Sheila McKay, chair of the nursing program, said the simulators won’t replace but will augment the clinical learning that the students do in hospitals and care centres.

She said sometimes during their clinical time students don’t experience every possible scenario, but having the simulators means that they could.

McKay said students working on a surgical unit in a hospital might not witness certain rare post-operative complications, but with the simulators every student can have a chance to see signs that could suggest something is going wrong.

In other cases, it might be a matter of setting up a stressful situation for students so they don’t see it for the first time in an emergency room — something like a cardiac arrest or other trauma.

“A lot of students find that extremely stressful,” said Kathy Regehr, lab co-ordinator with the nursing program at RDC.

“It’s hard to learn on the fly. It’s not something you want to learn on the fly. We want to create as much patient safety as we can. So we can actually simulate a situation like that and make it as real as possible.”

Afterwards, instructors can go over what went well and what didn’t.

The human patient simulators will also allow students to see how they react in various situations — whether stressful or gross — before dealing with a real patient. The lab instructors have recipes to create what looks and smells like real vomit, urine, stool, mucus, blood and infected wounds.

“Our goal is to simulate the real situation as much as possible.

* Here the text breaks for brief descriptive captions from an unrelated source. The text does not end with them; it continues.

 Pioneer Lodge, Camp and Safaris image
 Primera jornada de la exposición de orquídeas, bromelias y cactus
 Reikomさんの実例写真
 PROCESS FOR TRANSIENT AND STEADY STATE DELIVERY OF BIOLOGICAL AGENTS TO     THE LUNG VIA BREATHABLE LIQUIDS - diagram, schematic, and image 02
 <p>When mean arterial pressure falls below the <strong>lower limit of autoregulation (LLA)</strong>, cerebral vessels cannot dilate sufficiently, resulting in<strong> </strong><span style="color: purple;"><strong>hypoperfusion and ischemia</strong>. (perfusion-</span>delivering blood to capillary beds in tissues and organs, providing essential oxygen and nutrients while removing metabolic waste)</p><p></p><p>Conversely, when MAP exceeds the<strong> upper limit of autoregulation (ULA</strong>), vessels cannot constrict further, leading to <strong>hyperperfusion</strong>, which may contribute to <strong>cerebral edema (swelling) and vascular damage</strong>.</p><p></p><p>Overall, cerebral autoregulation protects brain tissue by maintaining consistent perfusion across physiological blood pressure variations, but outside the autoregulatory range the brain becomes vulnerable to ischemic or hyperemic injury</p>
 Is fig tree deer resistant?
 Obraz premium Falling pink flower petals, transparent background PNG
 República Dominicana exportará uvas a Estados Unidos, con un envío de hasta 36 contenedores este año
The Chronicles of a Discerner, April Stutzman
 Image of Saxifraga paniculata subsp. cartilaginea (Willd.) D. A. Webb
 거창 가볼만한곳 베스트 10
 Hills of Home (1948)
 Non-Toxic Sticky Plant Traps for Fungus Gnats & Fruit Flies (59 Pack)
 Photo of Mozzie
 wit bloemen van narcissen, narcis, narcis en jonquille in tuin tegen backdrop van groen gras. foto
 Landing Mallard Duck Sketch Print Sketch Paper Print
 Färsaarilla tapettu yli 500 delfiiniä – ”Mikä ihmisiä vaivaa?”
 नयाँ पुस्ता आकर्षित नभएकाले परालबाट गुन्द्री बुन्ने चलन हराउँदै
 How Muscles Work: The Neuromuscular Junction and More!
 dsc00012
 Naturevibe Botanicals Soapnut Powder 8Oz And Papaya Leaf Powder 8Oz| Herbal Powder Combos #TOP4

What we intend to do is build as many things into the scenario as possible so that students suspend their disbelief,” said Liz Sinclair, the simulation lab co-ordinator at RDC.

The room, where the simulators are housed is set up to look like a hospital ward, with white walls and floor and tools that simulate equipment to take blood pressure, temperature, and scopes for eyes and ears.

Nursing instructors will be trained on the simulators over the next year, with the high-tech equipment being fully implemented into RDC’s nursing program by September 2010.

McKay said in the end, RDC wants student nurses to learn as much as they can before they finish their studies. “That’s the final outcome. We want to graduate people who are able to provide safe, competent care,” McKay said.